Description:
The testcase ndb_rpl_last_conflict_epoch_var fails quite consistently with a result diff when run with valgrind.
It seems to be a problem with the "Ndb_slave_max_replicated_epoch" status variable which return what seems to be a bogus value.
Have checked the slaves log file and there one can see a printouts saying "NDB Slave : MaxReplicatedEpoch set to 0 (0/0) at Slave start"
How to repeat:
Running the test with valgrind will in most cases produce a result diff:
$7.5> ./mtr ndb_rpl_last_conflict_epoch_var --valgrind
<snip>
@@ -36,12 +36,12 @@
still < the saved session epoch
Max replicated epoch should be < committed epoch
@max_replicated_epoch < @master_session_epoch
-1
+0
Some invariants :
@conflict_detected_epoch != 0
1
@conflict_detected_epoch > @max_replicated_epoch
-1
+0
Primary has detected the problem, but Secondary
is unaware as the slave is offline.
Now bring it back
With some extra printouts of the affected @values, you get bwlow log showing the @max_replicated_epoch seems to contain garbage:
@@ -28,26 +28,34 @@
insert into test.t1 values (2,2,repeat("A", 1000));
commit;
Capturing session epoch from Master
+@master_session_epoch
+111669149700
Show that last_conflict_epoch is 0
Variable_name Value
Ndb_conflict_last_conflict_epoch 0
Restart Secondary->Primary replication
Check that max_replicated_epoch is
still < the saved session epoch
+@max_replicated_epoch
+90194313230
+@master_session_epoch
+111669149700
Max replicated epoch should be < committed epoch
@max_replicated_epoch < @master_session_epoch
-1
+0
Some invariants :
@conflict_detected_epoch != 0
1
@conflict_detected_epoch > @max_replicated_epoch
-1
+0
Primary has detected the problem, but Secondary
is unaware as the slave is offline.
Now bring it back
Now sync up
Now lets check that the max replicated epoch
on the Primary is == the last_conflict_epoch
+@max_replicated_epoch
+133143986201
@max_replicated_epoch = @conflict_detected_epoch
1
Cleanup
Suggested fix:
Since problem occurs concistently when the mysqld is run in valgrind it feels like this is timing related. Tested by adding some sleeps just to see if waiting for something to be replicated would solve the problem, but unfortunately it didn't.

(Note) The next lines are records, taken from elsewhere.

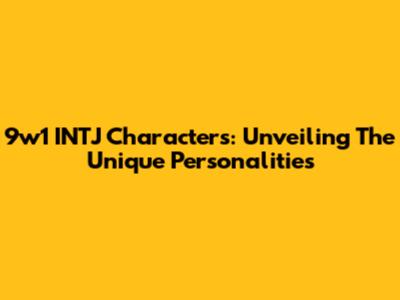 9w1 INTJ Characters: Unveiling The Unique Personalities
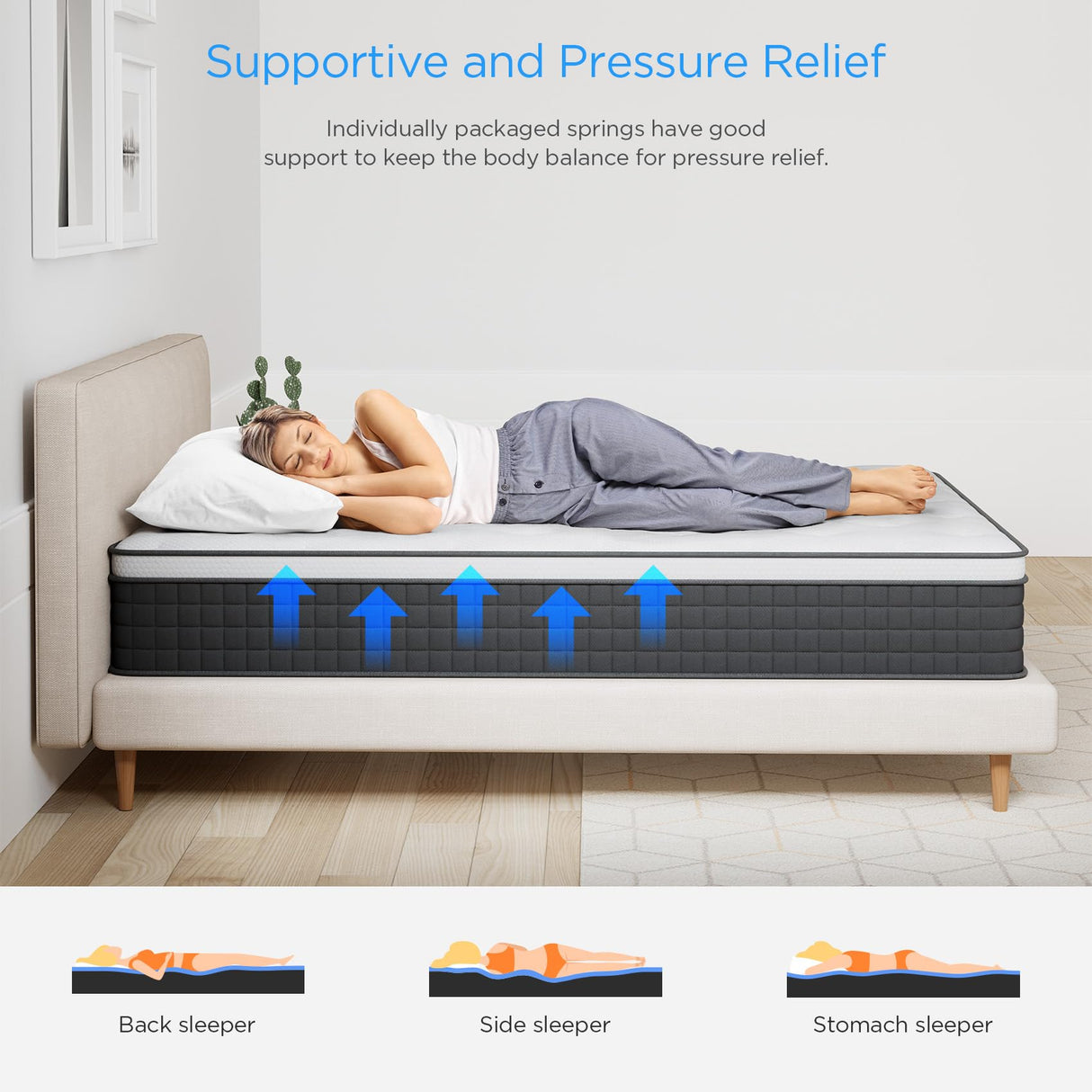Queen Mattress,10 Inch Queen Size Mattresses, Hybrid Mattress in a Box with Memory Foam and Independent Spring, Soft and Comfortable, Pressure Relief, Cool and Breathable, CertiPUR-US, Medium Firm PECHINOU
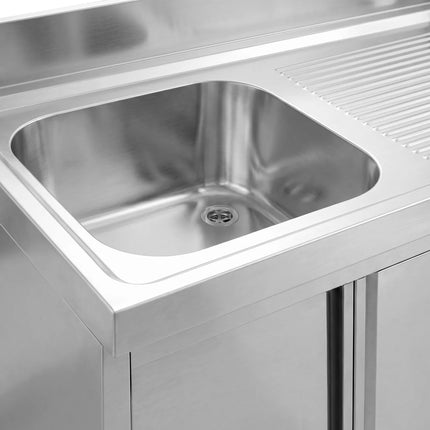 GGM Gastro Commercial Sink Cabinet - 1200x600mm - with 1 bowl left-hand - 3 drawers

Also considered that saving the values in @variables in the different mysqld(s) was done in a wrong way but I couldn't determine that was the case either. Alternatively one could save the values in mysqltest's $variables.
Notice that it's weird that the comparision fails. The check does " 90194313230 < 111669149700" which should normally evaluate to 1. But since there seems to be some garbage in the @max_replicated_epoch variable the comparison probably overflows somehow.